Standing at the altar, everything looks easy. The groom is impeccably groomed, flashing his best manners, and, while he may very well be thinking about the game, his eyes are on you. A decade later, though — when the caterer’s gone, the finery is shelved, and you’re deep in the bog of intimate cohabitation — spousehood can begin to chafe. And grate. And rankle.

Even if you have the best husband in the solar system — in fact, you don’t, because I do — you might be surprised to discover that he has an infantile fear of ants, an unnerving fancy for circus posters, and an inability to smell rotting trash from two lousy paces.

Starshine Roshell

The truth is you never really know someone ’til you’ve shared a toothbrush-holder with him. Since the day we said “I do,” I’ve learned countless surprising things about my husband. I always knew that he’d never intentionally hurt my feelings — but I didn’t know how often he’d do it unintentionally by failing to notice a haircut or ask me, “What did the doctor say?” And I could never have guessed that the attentive boyfriend who made an embarrassing fuss over my half-birthday would become the distracted husband who asks, “It’s Mother’s Day? Again?!”

From wifely gripes like these springs Santa Barbara author Jenna McCarthy’s new book, If It Was Easy, They’d Call the Whole Damn Thing a Honeymoon: Living With and Loving the TV-Addicted, Sex-Obsessed, Not-So-Handy Man You Married.

Launching this Tuesday, October 4, the book enumerates the many topics over which couples bicker, from sleeping and driving to cooking and gift-giving. (Her fella once gave her a headlamp as a birthday gift for “when you go kayaking into caves or spelunking.” Yes.
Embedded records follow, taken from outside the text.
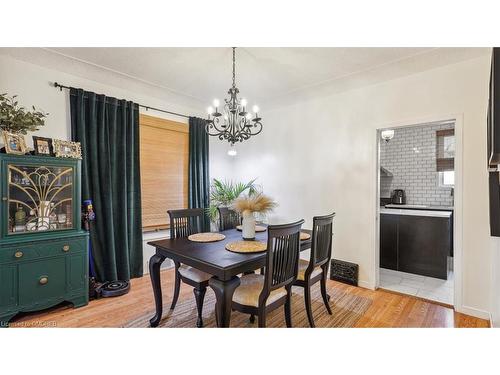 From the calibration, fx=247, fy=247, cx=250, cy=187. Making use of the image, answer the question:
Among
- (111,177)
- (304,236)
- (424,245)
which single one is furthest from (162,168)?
(424,245)

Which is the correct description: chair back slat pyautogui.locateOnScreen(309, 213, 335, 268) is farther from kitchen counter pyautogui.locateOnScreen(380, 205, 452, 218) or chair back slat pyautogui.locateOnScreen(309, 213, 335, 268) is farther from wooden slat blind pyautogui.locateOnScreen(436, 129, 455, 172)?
wooden slat blind pyautogui.locateOnScreen(436, 129, 455, 172)

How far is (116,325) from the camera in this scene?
2193 mm

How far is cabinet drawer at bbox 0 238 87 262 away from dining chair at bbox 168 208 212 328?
3.19 feet

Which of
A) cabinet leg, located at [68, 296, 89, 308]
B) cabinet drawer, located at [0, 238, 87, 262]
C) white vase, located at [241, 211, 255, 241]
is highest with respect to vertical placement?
white vase, located at [241, 211, 255, 241]

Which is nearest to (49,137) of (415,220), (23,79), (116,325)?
(23,79)

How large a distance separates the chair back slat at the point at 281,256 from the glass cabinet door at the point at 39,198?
2156 millimetres

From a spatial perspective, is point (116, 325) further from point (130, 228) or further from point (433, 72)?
Answer: point (433, 72)

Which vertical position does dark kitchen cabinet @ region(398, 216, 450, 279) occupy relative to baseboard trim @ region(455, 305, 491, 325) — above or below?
above

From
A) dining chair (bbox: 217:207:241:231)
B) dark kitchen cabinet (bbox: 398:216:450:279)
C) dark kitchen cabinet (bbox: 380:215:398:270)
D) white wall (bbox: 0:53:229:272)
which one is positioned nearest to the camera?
white wall (bbox: 0:53:229:272)

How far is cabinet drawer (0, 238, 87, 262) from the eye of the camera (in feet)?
7.18

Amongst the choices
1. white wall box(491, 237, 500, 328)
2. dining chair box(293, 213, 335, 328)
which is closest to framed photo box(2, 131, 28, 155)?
dining chair box(293, 213, 335, 328)

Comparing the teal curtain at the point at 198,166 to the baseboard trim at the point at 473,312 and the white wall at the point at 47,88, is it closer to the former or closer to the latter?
the white wall at the point at 47,88

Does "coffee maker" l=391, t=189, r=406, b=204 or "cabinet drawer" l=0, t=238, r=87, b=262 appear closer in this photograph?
"cabinet drawer" l=0, t=238, r=87, b=262

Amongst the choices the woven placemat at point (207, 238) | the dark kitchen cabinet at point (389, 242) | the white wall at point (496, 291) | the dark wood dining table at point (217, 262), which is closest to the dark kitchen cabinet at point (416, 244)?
the dark kitchen cabinet at point (389, 242) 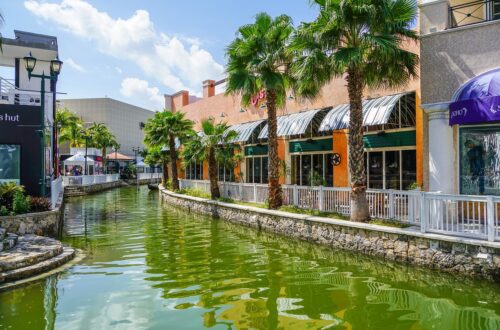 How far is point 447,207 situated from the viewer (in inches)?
382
Yes, he did.)

“When you were dating, there wasn’t all that much to argue about,” Jenna writes. “But when couples try to share one electric bill, they turn into a pair of Japanese fighting fish, those colorful, carnival-prize favorites that come one to a bowl for a simple reason: If you put two in there, they will immediately try to rip each other’s gills off.”

The book includes hilarious confessions from other women about their misters’ maddening habits: “My husband has to shake his foot or leg to fall asleep, every night. It makes it impossible to read in bed without feeling nauseous.”
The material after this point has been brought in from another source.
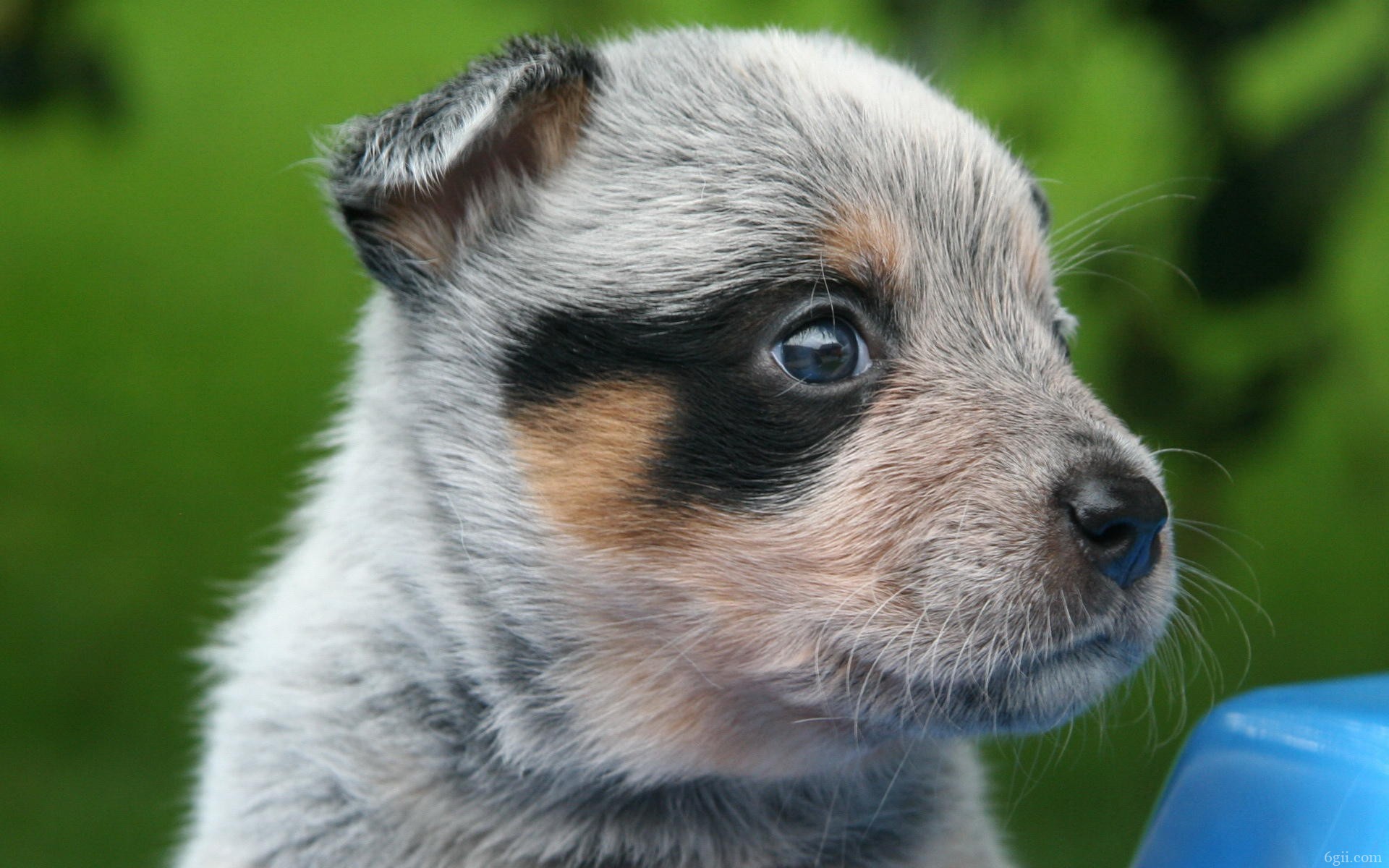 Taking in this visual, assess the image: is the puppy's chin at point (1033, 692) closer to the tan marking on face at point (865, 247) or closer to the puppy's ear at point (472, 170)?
the tan marking on face at point (865, 247)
Are some of the grievances petty? Snarky? Even (gasp) bitchy? You bet. Even Jenna, who’s a close friend of mine, feels a little guilty about telling the world that her hubby is a whiny wuss when he gets a head cold.

“It’s so easy to fixate on the handful of things your partner does that annoy you,” admits Jenna, who writes for Self, Parents, and iVillage and used to cohost The Early Show on KTYD radio (remember Matt, Jenna, and Hayseed?). “But when you read a few hundred stories of what you could be living with, you realize you’ve got it pretty damned good. Did you know that there are guys out there who routinely pick their noses, pluck out their own back hairs when they’re watching TV, and pick up table crumbs with their licked fingertips in restaurants? Suddenly, the fact that my husband has to have the car windows down regardless of the atmospheric conditions, and occasionally asks me to show him my boobs, doesn’t seem so bad.”

And what of women’s vexing ways? Surely Jenna’s husband — and mine, and yours — could fill their own books with complaints of their nagging, neatnik wives …

“He threatens to do it all the time,” says Jenna, “so I already came up with a title for him: What Were You Thinking? Living With and Loving the Diet Coke–Addicted, Shoe-Obsessed, Never-Shuts-Up Woman You Married.”